The drop is pretty small — from 25.2 years in 2005 to 25.0 years in 2006. But it's statistically significant, and it's the first drop in forty years. Sue Shellenbarger in the Wall Street Journal offers several possible explanations. The number of Hispanics in America rose, and they tend to have families earlier. Births to older teens (between 15 and 19) rose 4%. And and the children of baby boomers — a large generation — are entering reproductive age. But the most hotly debated explanation is advanced by Stephanie Coontz, director of research at the Council on Contemporary Families, who says today's young women may not feel the need to "prove themselves" in their careers before having kids. Mom Sarah Distel concurs: "We weren't fighting for careers like the older generation. It was something we take for granted."
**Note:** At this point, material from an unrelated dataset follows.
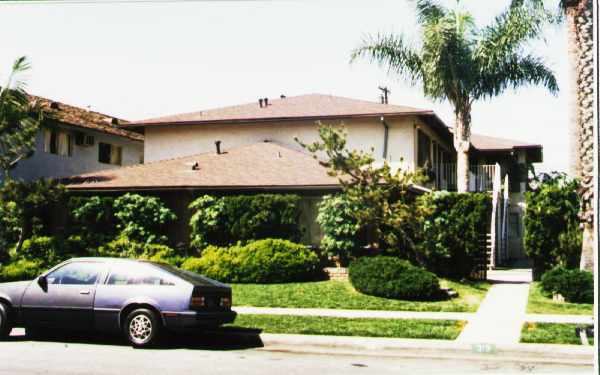 319 N Prospero Dr in Covina, CA - Building Photo - Building Photo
Salon's Lynn Harris calls bullshit on this theory, arguing that the numbers point more to demographic shifts and less to changes in women's attitudes. Feminist Finance points out that the not-pausing-to-prove-yourself hypothesis "ignores that sizable chunk of womandom for whom their job is not a "career" as she seems to be thinking of it—service employees, retail worker, skilled and unskilled laborers of various sorts. Decisions about whether and when to have kids has an economic aspect for anyone, but not every woman does the kind of work where proving yourself on the job over the course of a decade is really a concern." She also says some women may be having babies earlier not because they take their careers for granted, but because early work years or graduate school may actually be a good time for some to take the "resume gap" that having a baby can entail.
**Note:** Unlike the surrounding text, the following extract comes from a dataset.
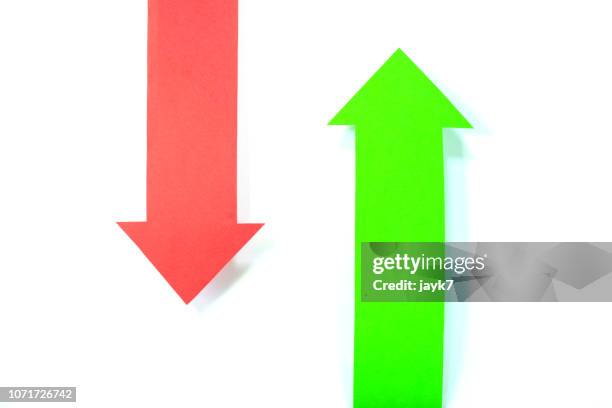 green and red arrow signs - red stock photos et images de collection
We don't buy that the working world has gotten so friendly to moms that women are no longer worried about the consequences of childbirth (it is kind of telling that Distel is a stay-at-home mom). We do, like Feminist Finance, "think it's worth noting that this whole conversation assumes women actively choose to time their reproductive lives." Of course, women aren't the only ones involved in the timing. Stephanie Coontz herself reports in yesterday's Times that the vaunted drop in marital happiness after the arrival of a baby doesn't really occur if "couples plan the conception and discuss how they want to conduct their relationship after the baby is born." Harris notes that the Journal's coverage of younger motherhood leaves out "the other people often involved in this calculus: men." As we learned earlier in the week, not every family has one, but if a dude is in the picture, he should be an equal partner in the decision — whether it happens at 25.0, 25.2, or 40.